Do I want to use my Facebook wall to communicate and connect with people I’m ‘friends’ with? Nope. Absolutely not. Doesn’t make any sense to. ‘Posting’ something is an inherently one sided conversation. I don’t stand at the front of a room and yell out how my day was to everyone. That’s not how you talk to other people. Social media is fucking weird.

So why am I on it? Why why why why? I’m drawn to staring at profiles of the people who are the most self-obsessed. Who are trying the hardest. It’s so shameless–how do they do it? Why are they so impressed with themselves? Are they actually impressed with themselves?

I dislike them, I’m repulsed by them, and I can’t look away. I’m obsessed with their self-obsession. They are an exaggerated form of what every single person is on social media.

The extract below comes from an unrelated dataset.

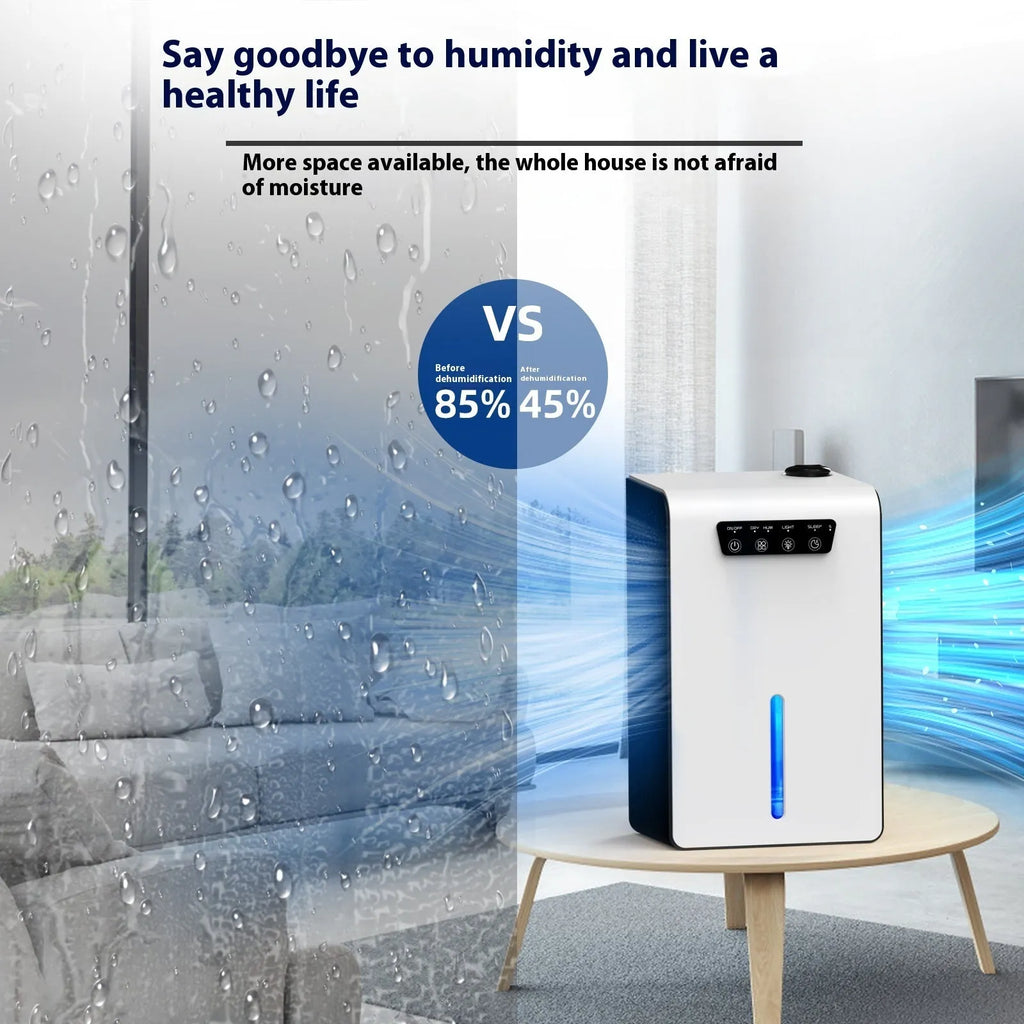Milky white small bedroom dehumidifier with absorption technology and water reservoir.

So many people’s lives boil down to this self-conscious presentation of who they are, and online it’s so painfully, horrifically evident. How boring are we. How sad. How fragile. We spend so much of our time, maybe all of it, trying to gain peoples shallow approval, and our own approval, by looking attractive, fun, adventurous. By making sure we look like we’re doing life right.

When we do something cool, we have to make sure to record it because that’s what it’s ABOUT. Is your sky diving trip about the experience, or is it about telling people about the experience? I went skydiving so that afterwards, I could tell people about it! If you react by implying that I must be living life to the fullest, I will feel good about myself and how I spend my time. And I need that.

Well, I don’t want to need that. I don’t want to fall into this trap that I see so many people ensnared in. Please, please, I want to figure out a better way to like myself.